We often take it for granted, but one of the most refreshing aspects of the Yom Kippur service as we know it, is that during this very holy day, we do nothing to deny any of our sins. How many times have I been in services where there’s a call for holiness but few details on what’s wrong? For many years after I came to faith, I attended High Holy Day services with my father where the congregation’s first language was Hungarian, as was the lengthy d’rash. Nevertheless, as we read the Viddui, confessions from alef to tav in the Machzor, beating ourselves over the heart, I had to admire the extensive nature of that list. I couldn’t think of anything that had been left out in any language—or anything that I couldn’t reflect on without being amazed at God’s mercies.
As a Messianic Jew who has been frequently scourged by preachers warning me not to think that I can earn one iota of righteousness, let alone holiness, through attention to the Torah, I find something here of inestimable value. On Yom Kippur, there is no shame, no fear, no debasing of any who draw near—no matter where we think we stand: whether devout, just trying to be faithful, or downright unworthy. In fact, that’s how we open this most holy day of the year—declaring from the bima before Kol Nidre, “we hold it lawful to pray with sinners.”

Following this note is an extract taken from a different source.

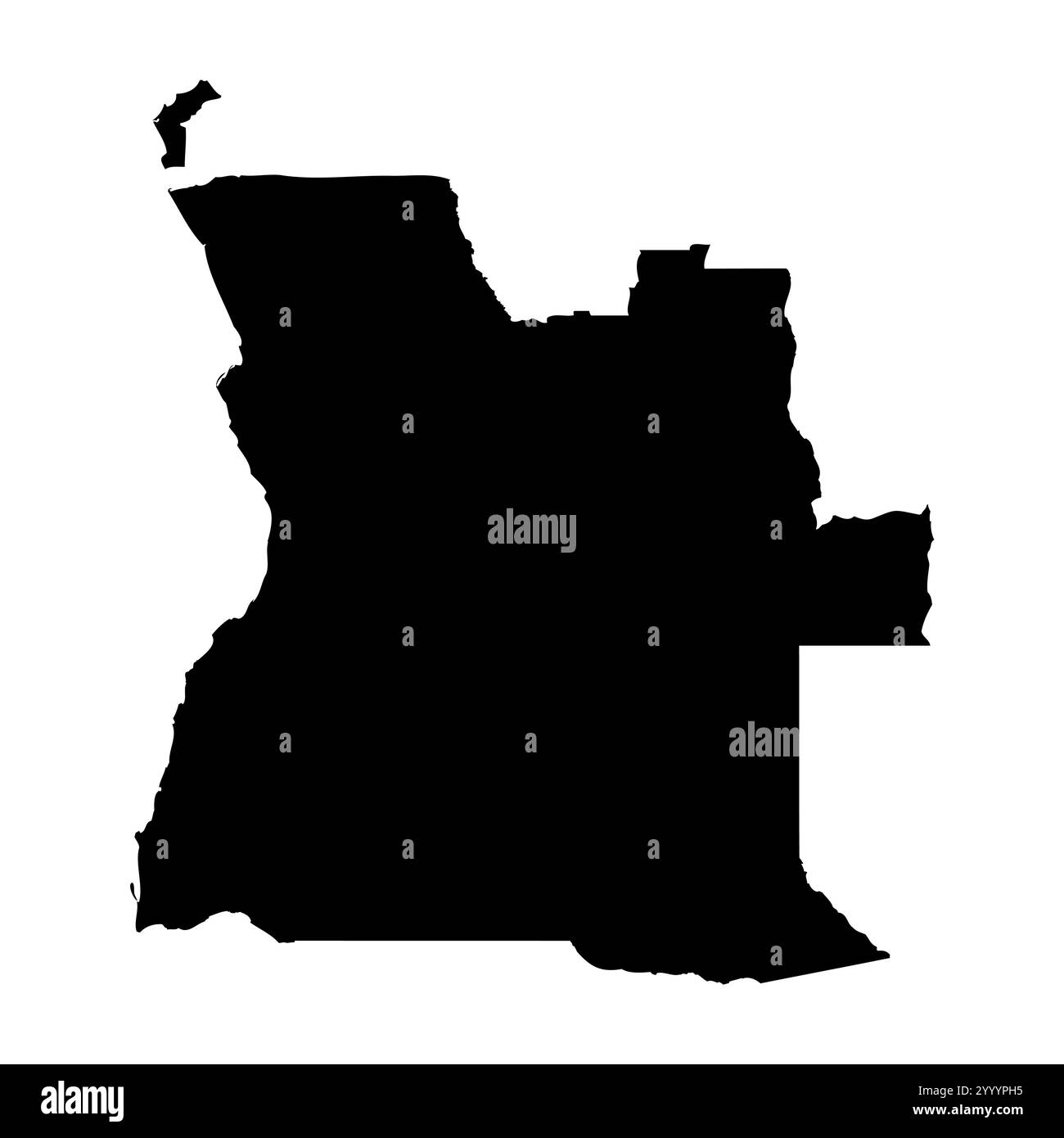 Angola hohe detaillierte Vektordarstellung der Landsilhouette in massivem Schwarz auf weißem Hintergrund. Für pädagogische, dekorative oder informative Zwecke zur Darstellung der nationalen Umrisse. Stock Vektor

Those words usher in a moment of sheer trembling reflection—as if, for a moment, we truly understand ourselves in the courts of God, and face as he does, in absolute acceptance, that human beings fall short, struggle with temptations and fail, and yet, are permitted to come before One who is truly holy—even when our temples are dust and we are guilty for the death of our King Messiah. This is the time to reflect that we too are a generation between “dust to dust.” But through a few hours of prayer, fasting and contrition, we find that we’ve been given sacred time and sacred space for teshuvah—repentance, to return and rediscover our eternal identity.
I recall many years ago meeting a dear brother in the Lord from Australia. We were at a Messianic conference and he told me about his brother who was appalled to know that he was fasting on Yom Kippur. Since then, I’ve heard a similar concern from other believers, but few of them know the depths of meaning to be found in the remarkable liturgy of the day—much of it calling us to be fully open to God’s call on our whole life. Several times during the Yom Kippur service we repeat: “For on this day atonement shall be made for you to purify you of all your sins; you shall be pure before Adonai” (Lev 16:30). And after we’ve spent time in prayer, fasting, and contrition, I feel genuinely ready to accept that this is my calling, to pursue purity, “to be holy.” And each year I learn a bit more—or perhaps the Torah is inscribed a little more clearly on my heart. I’ve been given a day that I choose to make “a choice point.” A day of decision to press on through the “miserable middle,” even if the journey is tough, lonely, or even impossible to see through the next obstacle. Day by day, year by year, he’s taught me not to give in or give up as long as I can keep his larger, eternal purpose in my mind and heart. Faith will find a way to get through.
After that final long trumpet blast on Yom Kippur, the day echoes the peaceful reassurance that brings to mind Sim Shalom, a closing prayer of the Amidah: chen v’chesed v’rachamim—mercy, grace and compassion, for us and for all his people of Israel. I leave humbled, acknowledging the incredible miracle of God’s forgiveness in Yeshua, and willing to begin again the journey to holiness.